But this wasn't the only incident that tipped us off that Pepper was different. After one morning of not seeing Pepper, I asked my dad if he had seen her at all.
"No, I haven't seen her [RAWF!]. I mean I can [RAWF!] hear her pretty clearly but I don't [RAAAAAWF!] see her at all."
"Well, [RAWF RAWF RAWF!] maybe she's just up close to the house [RAWF RAWF!], right up under the windows or something."
"She [RAWF!] could be."
"You know what? [RAWF RAWF RAWF] It [RAWF] sounds [RAWF] like [RAWF] she's [RAWF] under [RAWF] the [RAWF] house! [RAWF RAWF RAWF!]"
My dad and I grabbed some flashlights and pulled off the covers to the crawlspace and saw Pepper coated in dust and dirt and happy to see us. She came running out, leaped into the air, and then ran over and started chasing our golden retriever around the yard. My dad and I didn't see any openings in the crawlspace. Hope suggested that Pepper had attempted to use her magic and teleport, but instead of winding up in a McDonald's greasetrap like she had originally planned, she wound up under the house.

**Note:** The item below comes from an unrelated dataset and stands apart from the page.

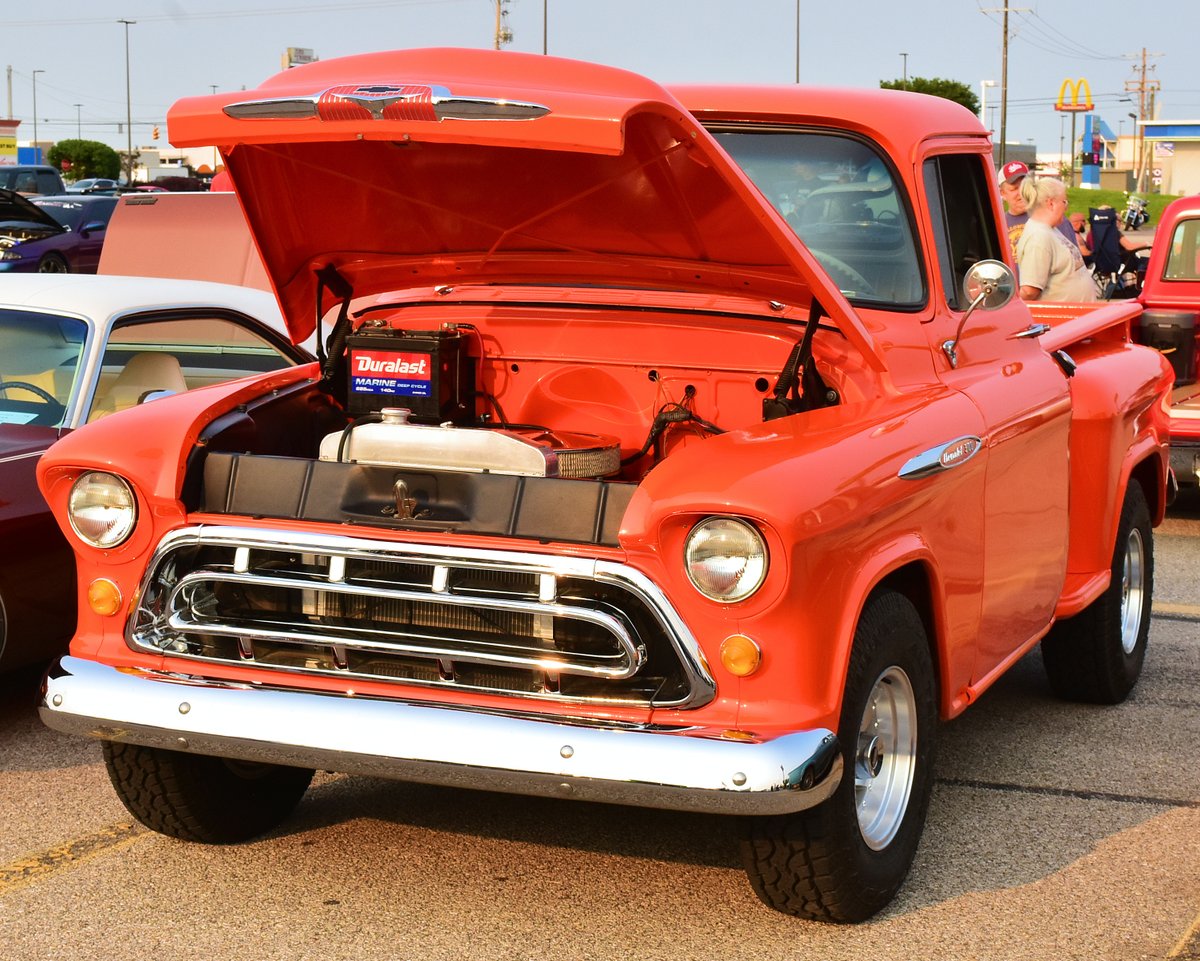 #FrontEndFriday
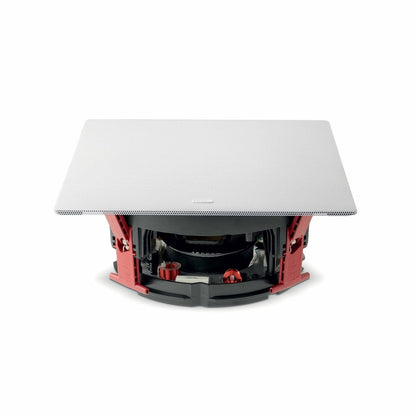 Focal 300 ICW8 Duvar ve Tavan Hoparlörü (Beyaz)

It was around this time that we realized Pepper was slowly trying to communicate with us. Whenever she wanted something, she would slowly extend out her right paw, touch us with it, and continue to do this until we petted her or got her what she wanted.
"What a smart dog!" we'd exclaim, and then look outside to see Pepper running in circles, viciously trying to eat her tail.
Intelligence was completely contradictory with Pepper. If she were outside and begged for food, sometimes we would give her some just so she would stop touching us with her paw. And if she really liked the piece of food, she would rush inside as soon as we would open the door, and then immediately lay down on her back. The first time I attempted to pick her up in this position she clamped down on my hand like a vise. A vise with sharp pointy teeth. After that we just coaxed her out with food, but the end result was the same. She got an extra piece of food and we got to enjoy all of our digits for yet another day.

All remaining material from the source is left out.